At Los Angeles Times, "Stoned drivers are uncharted territory":
Flores had run off the road and killed a jogger, Carrie Jean Holliman, a 56-year-old Chico elementary school teacher. California Highway Patrol officers thought he might be impaired and conducted a sobriety examination. Flores' tongue had a green coat typical of heavy marijuana users and a later test showed he had pot, as well as other drugs, in his blood.Another reason why druggies are losers.
After pleading guilty to manslaughter, Flores, a medical marijuana user, was sentenced in February to 10 years and 8 months in prison.
Holliman's death and others like it across the nation hint at what experts say is an unrecognized crisis: stoned drivers.

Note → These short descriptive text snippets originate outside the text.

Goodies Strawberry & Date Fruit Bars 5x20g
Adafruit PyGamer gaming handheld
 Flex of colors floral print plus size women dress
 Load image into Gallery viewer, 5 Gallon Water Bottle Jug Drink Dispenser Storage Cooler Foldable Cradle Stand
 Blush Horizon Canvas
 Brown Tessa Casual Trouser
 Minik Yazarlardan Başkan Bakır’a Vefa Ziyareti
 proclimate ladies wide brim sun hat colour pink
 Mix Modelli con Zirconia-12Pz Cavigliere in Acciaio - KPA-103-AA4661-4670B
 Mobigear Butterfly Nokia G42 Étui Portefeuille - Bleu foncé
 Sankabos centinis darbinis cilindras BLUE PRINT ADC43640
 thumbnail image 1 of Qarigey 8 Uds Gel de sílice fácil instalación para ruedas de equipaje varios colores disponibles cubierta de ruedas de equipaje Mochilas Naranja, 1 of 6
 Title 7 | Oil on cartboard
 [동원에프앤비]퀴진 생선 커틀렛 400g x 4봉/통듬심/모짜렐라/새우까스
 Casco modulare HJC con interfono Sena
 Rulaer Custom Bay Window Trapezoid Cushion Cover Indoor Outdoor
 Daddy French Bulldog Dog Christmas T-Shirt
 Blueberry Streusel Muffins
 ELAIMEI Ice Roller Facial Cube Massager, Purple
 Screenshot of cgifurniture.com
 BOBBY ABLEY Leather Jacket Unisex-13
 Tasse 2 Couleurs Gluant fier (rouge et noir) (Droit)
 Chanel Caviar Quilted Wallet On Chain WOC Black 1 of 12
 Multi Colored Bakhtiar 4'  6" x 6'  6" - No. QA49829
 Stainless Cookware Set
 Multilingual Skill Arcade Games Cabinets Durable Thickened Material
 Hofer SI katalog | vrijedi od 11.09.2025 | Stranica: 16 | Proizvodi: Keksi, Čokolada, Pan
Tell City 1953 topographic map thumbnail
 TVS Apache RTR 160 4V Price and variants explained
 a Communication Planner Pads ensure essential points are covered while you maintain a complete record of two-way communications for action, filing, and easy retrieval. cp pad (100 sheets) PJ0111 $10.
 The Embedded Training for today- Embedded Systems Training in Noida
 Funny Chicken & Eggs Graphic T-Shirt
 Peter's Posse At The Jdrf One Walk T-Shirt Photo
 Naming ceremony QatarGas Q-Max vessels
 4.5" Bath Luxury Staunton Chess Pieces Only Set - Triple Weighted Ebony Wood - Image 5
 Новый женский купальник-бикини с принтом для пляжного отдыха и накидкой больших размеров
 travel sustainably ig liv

The most recent assessment by the National Highway Traffic Safety Administration, based on random roadside checks, found that 16.3% of all drivers nationwide at night were on various legal and illegal impairing drugs, half them high on marijuana.
In California alone, nearly 1,000 deaths and injuries each year are blamed directly on drugged drivers, according to CHP data, and law enforcement puts much of the blame on the rapid growth of medical marijuana use in the last decade. Fatalities in crashes where drugs were the primary cause and alcohol was not involved jumped 55% over the 10 years ending in 2009.
"Marijuana is a significant and important contributing factor in a growing number of fatal accidents," said Gil Kerlikowske, director of National Drug Control Policy in the White House and former Seattle police chief. "There is no question, not only from the data but from what I have heard in my career as a law enforcement officer."
As the medical marijuana movement has gained speed — one-third of the states now allow such sales — federal officials are pursuing scientific research into the impairing effects of the drug.